There are 2 ways to calculate specific capacitance and one is from CV data and the other one is from galvanostatic discharge curve. Both give different values and I do not know which one is the more reliable. Any suggestion about this?
Dear Dilek, Thank you very much for asking this question.From last week, I'm also searching the answer behind it, but didn't get any clue from anywhere. Waiting for reply from experts.............
In my opinion you have to calculated it from the Constant Current Constant Voltage Methode, or at least from galvanostatic measurements.
In cyclic voltametry you never reach a thermodynamic equilibrium. You observe current maxima which correspond to an equilibrium between the reaction and the diffusion kinetics. But you change the current/peak maximum by changing the voltage sweep, because this experiment is influenced by kinetics.
The specific capacitance is a value corresponding to the energy in a system, so depending not on kinetics but on thermodynamics. Therefor you should use a constant current experiment up to a voltage boundary and then keep the voltage constant until the current gets below a threshold. From this charge you can calculate the specific capacitance.

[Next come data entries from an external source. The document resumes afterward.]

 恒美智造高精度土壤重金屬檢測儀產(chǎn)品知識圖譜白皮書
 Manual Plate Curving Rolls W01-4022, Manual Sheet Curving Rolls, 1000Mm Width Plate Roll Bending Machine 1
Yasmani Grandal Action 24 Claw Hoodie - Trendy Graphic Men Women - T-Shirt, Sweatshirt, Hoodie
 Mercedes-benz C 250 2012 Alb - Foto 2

Sascha is quite right, method based on using galvanostatic discharge curve is more accurate and reliable because specific capacitance extracted from CV curve will depend on the scan (sweep) rate. More precisely, the sweep rate should be slow enough to reach an equilibrium. But it takes time. So, if you are too impatient and apply a too fast scan rate, your results for capacitance will differ quite substantially from a more stable (thermodynamically) procedure based on galvanostatic discharge curve. Usually, fast scan rates result in lower capacitances in comparison with slow rates. To avoid this problem, there is a special renormalization procedure for CV curves based on dividing all currents by the scan rate. For more discussion on this interesting topic, check this link.

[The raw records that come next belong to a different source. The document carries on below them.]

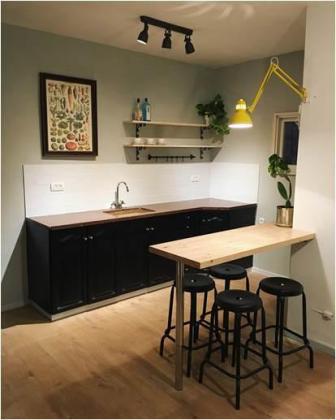 יהודה גור 12, צפון מזרח העיר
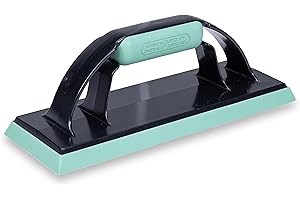 BARWALT Ultralight Grout Float, Epoxy Floor Float, Improved Handle, BWT81300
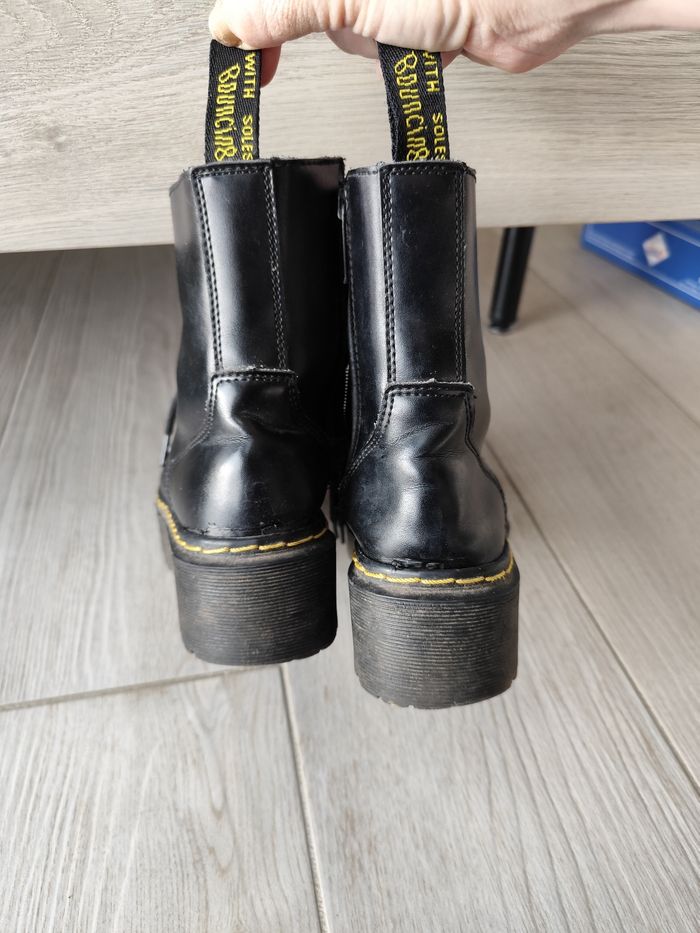 Doc Martens jdr. Maradon - photo numéro 5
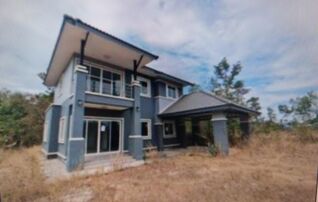 ทรัพย์สถาบันโดย GHB บ้านเดี่ยว ซอยทล.ชนบท อบ.3045 ถนนทล.แผ่นดินหมายเลข 21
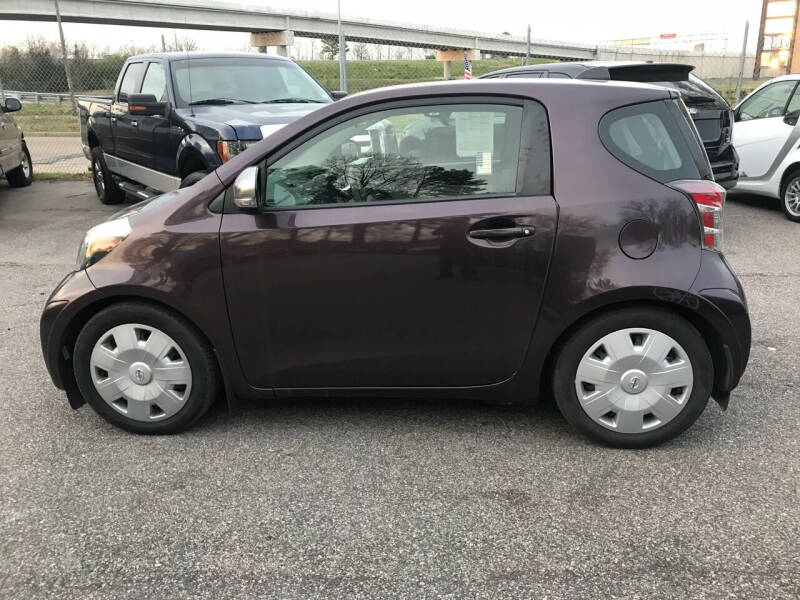 2012 Scion iQ for sale at Car Outlet Inc. in Virginia Beach VA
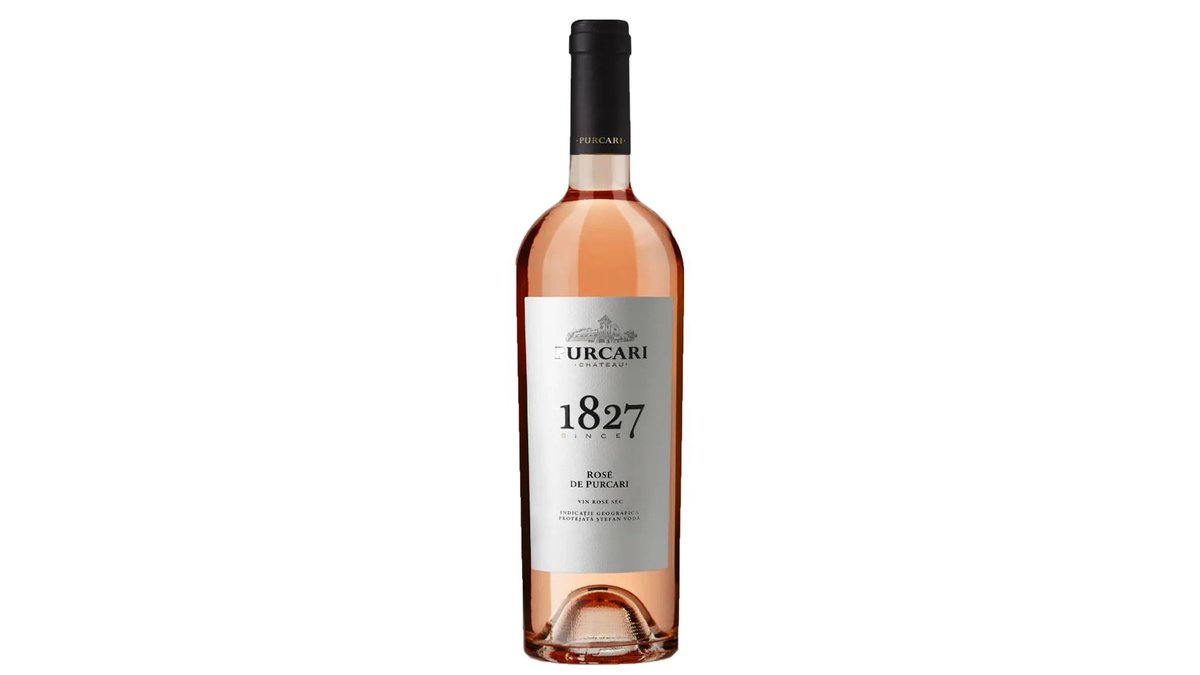 Purcari 1827 Rose Sec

Cyclic voltammetry is a basic characterization that helps to know the information about oxidation/reduction, reversability,... CV measure current whereas charge-discharge measure time for a fixed current. Practically any device should operate at particular current for discharge the stored charges. So charge-discharge is a reliable method to calculate specific capacitance. Specific capacitance calculated from CV can support the charge-discharge results.

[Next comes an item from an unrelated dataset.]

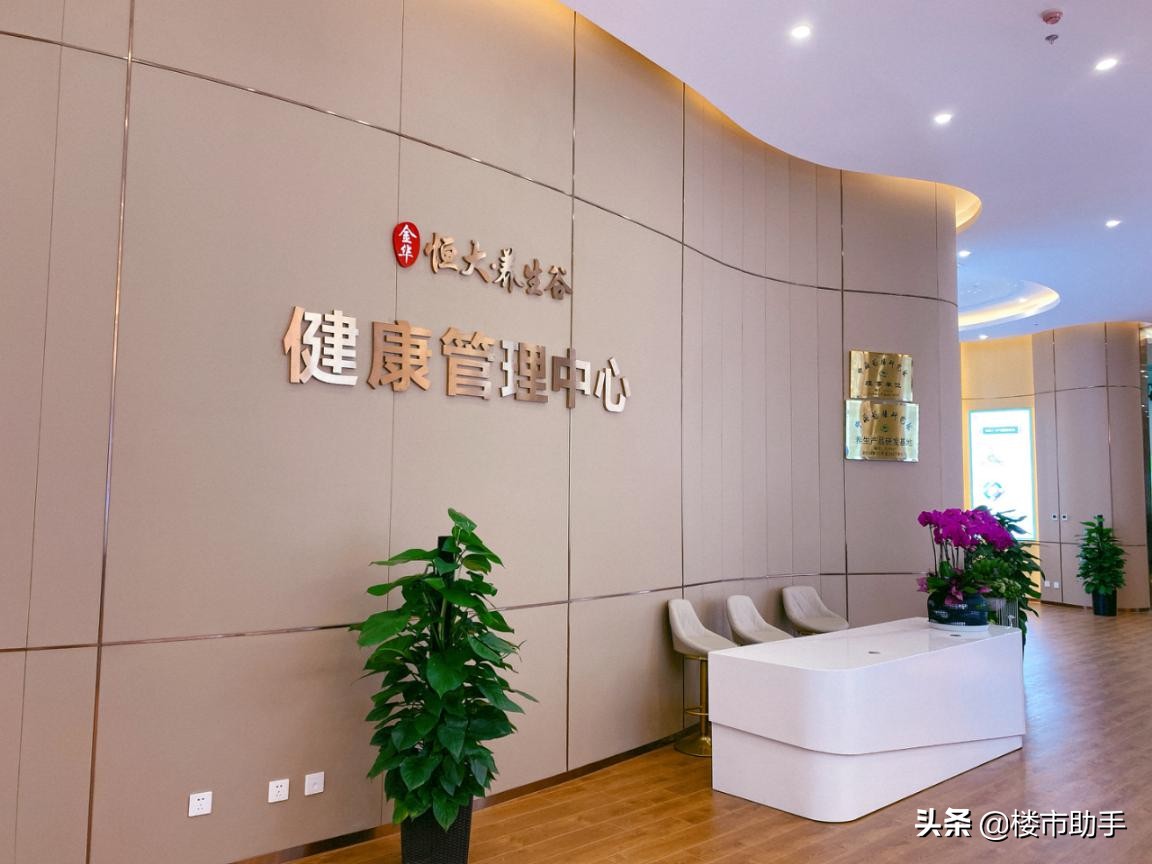 金华恒大养生谷最新规划,恒大养生谷是游乐园吗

If the phenomenon occurring at the electrode surface is from pure electrical double layer (EDL) that means simple charge/discharge, then you may get comparable capacitance values only if you used slow scan rates.
In our experience, we are able to compare the capacitance values of porous carbon electrodes with galvanostatic charge/discharge at 200 mA/g and cyclic voltammetry at 2 mV/s.
Additional pseudo-faradaic processes occurring with EDL process will affect the kinetics and you may not get comparable capacitance values as explained in above replies.
Both the technique should give exactly similar results as both are complementary techniques, instead the voltage window as well current range should be similar in the both the techniques. Decrease in the capacitance with scan rate/discharge current also follow the same way.